━━━━━ THE RECORDS

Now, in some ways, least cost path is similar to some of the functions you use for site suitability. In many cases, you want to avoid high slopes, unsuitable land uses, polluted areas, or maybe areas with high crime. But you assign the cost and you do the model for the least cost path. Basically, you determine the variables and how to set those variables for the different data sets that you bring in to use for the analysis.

━━━━━━━━━━
━━━━━ THE RECORDS

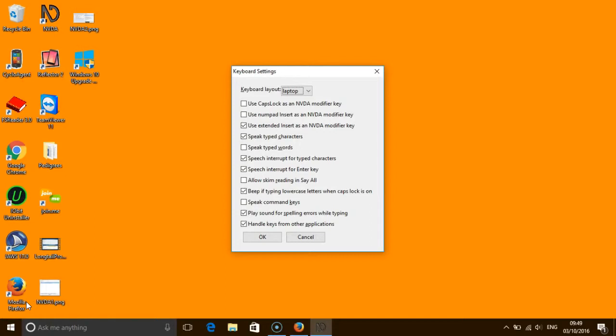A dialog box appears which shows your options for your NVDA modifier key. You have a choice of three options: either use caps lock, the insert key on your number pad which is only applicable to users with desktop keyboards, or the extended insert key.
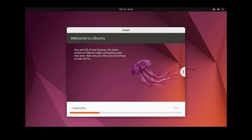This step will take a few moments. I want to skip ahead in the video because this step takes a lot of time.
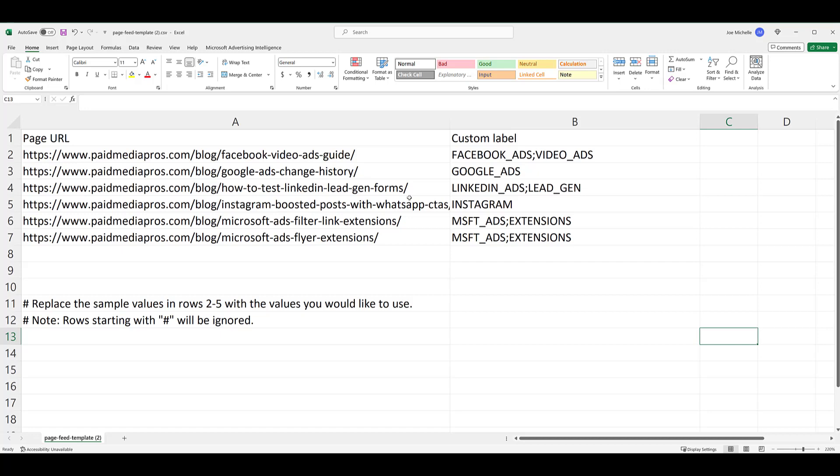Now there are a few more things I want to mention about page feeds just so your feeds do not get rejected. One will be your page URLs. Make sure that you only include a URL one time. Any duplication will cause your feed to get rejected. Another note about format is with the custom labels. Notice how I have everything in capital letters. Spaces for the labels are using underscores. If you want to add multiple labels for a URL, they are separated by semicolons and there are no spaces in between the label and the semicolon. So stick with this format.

━━━━━━━━━━
━━━━━ THE RECORDS

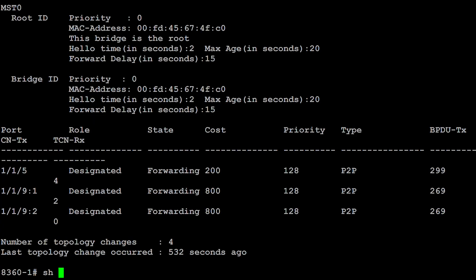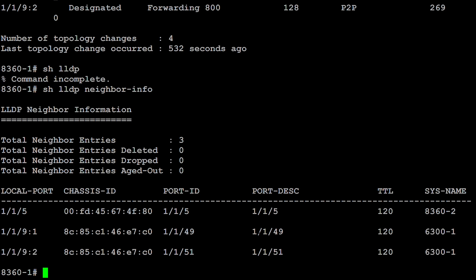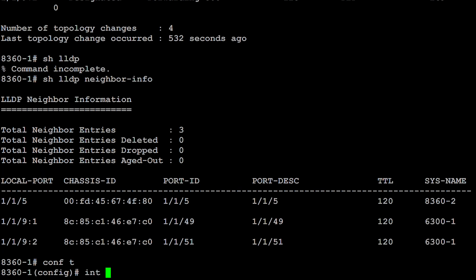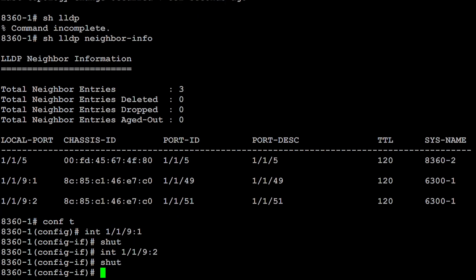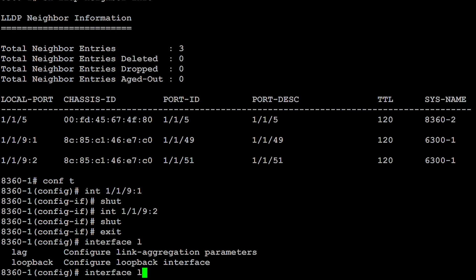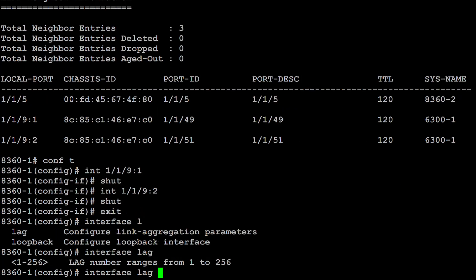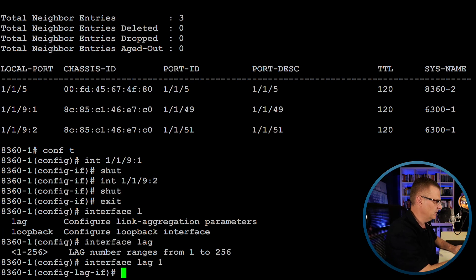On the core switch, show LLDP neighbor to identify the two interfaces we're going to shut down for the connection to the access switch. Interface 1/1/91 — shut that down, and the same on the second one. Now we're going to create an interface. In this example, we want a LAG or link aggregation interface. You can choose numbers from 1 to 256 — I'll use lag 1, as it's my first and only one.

━━━━━━━━━━

#### PROBLEM STATEMENT
Retype the lines above exactly as they appear, from the line containing "A dialog box" through the line containing "This step will", and leave out any pictures.

#### TASK SOLUTION
A dialog box appears which shows your options for your NVDA modifier key. You have a choice of three options: either use caps lock, the insert key on your number pad which is only applicable to users with desktop keyboards, or the extended insert key.
This step will take a few moments. I want to skip ahead in the video because this step takes a lot of time.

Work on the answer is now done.